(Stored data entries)
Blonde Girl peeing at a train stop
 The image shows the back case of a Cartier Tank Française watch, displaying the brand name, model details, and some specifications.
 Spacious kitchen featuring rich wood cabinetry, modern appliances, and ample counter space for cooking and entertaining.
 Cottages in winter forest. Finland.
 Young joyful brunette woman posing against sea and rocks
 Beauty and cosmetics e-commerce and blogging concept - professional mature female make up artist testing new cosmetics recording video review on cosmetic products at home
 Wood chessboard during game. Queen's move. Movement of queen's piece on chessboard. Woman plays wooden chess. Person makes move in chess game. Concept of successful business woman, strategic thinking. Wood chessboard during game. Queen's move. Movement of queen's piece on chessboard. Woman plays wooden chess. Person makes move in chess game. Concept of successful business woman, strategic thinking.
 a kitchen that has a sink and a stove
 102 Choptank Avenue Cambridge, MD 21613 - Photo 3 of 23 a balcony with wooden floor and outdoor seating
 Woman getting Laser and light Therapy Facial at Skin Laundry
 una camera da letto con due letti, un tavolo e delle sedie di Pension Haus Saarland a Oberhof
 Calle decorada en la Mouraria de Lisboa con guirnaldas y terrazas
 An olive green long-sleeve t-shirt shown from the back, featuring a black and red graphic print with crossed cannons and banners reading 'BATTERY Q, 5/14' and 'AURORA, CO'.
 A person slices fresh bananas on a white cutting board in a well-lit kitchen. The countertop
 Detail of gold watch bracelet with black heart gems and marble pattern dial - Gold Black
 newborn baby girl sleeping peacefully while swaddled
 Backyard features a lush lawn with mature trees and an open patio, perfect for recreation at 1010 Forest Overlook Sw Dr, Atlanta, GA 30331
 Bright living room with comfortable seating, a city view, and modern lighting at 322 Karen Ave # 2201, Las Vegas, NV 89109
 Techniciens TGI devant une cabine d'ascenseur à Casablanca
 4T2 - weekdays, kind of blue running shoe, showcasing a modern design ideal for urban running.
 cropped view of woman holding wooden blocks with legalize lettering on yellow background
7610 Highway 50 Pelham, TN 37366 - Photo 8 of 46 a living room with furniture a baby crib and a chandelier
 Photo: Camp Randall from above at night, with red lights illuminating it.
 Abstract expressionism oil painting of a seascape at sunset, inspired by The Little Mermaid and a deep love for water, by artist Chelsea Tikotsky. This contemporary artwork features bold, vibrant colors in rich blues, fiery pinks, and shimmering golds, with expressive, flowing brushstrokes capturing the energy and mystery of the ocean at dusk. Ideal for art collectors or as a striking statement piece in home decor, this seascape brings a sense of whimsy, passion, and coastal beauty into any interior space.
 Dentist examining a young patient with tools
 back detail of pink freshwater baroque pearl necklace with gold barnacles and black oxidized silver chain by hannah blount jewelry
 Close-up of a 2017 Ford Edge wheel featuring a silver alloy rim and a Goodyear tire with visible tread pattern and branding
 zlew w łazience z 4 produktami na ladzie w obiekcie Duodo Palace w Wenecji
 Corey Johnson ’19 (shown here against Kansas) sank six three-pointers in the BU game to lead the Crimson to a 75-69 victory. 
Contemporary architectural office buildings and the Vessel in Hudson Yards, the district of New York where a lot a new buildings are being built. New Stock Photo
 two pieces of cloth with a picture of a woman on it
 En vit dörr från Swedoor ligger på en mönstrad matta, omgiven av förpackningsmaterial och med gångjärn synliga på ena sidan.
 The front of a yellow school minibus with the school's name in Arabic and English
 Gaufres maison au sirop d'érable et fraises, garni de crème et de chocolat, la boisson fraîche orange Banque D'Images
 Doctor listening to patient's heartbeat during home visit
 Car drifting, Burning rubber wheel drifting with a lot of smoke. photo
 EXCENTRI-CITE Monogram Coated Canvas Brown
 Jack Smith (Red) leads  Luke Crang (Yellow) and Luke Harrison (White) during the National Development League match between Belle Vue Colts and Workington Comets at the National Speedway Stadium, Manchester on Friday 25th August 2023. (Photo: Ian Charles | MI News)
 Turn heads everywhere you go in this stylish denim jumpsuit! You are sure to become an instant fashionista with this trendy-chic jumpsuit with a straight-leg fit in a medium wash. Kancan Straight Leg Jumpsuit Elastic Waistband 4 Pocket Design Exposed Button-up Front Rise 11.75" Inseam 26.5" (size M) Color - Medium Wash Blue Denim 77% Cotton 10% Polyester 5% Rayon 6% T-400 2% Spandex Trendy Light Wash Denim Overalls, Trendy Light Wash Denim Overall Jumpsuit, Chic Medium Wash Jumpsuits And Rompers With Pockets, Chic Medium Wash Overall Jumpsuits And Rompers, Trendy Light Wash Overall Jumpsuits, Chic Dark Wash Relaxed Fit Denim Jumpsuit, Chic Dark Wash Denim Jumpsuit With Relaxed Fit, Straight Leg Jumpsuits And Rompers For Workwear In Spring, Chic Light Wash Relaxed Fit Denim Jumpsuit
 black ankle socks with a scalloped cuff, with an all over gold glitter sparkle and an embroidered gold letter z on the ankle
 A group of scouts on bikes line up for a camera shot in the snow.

▶ **TASK DESCRIPTION**: All lines from the start of the entries through the line where "Young joyful brunette" sits should be duplicated exactly, with nothing else in the output.

▶ **ANSWER TO THIS TASK**:
Blonde Girl peeing at a train stop
 The image shows the back case of a Cartier Tank Française watch, displaying the brand name, model details, and some specifications.
 Spacious kitchen featuring rich wood cabinetry, modern appliances, and ample counter space for cooking and entertaining.
 Cottages in winter forest. Finland.
 Young joyful brunette woman posing against sea and rocks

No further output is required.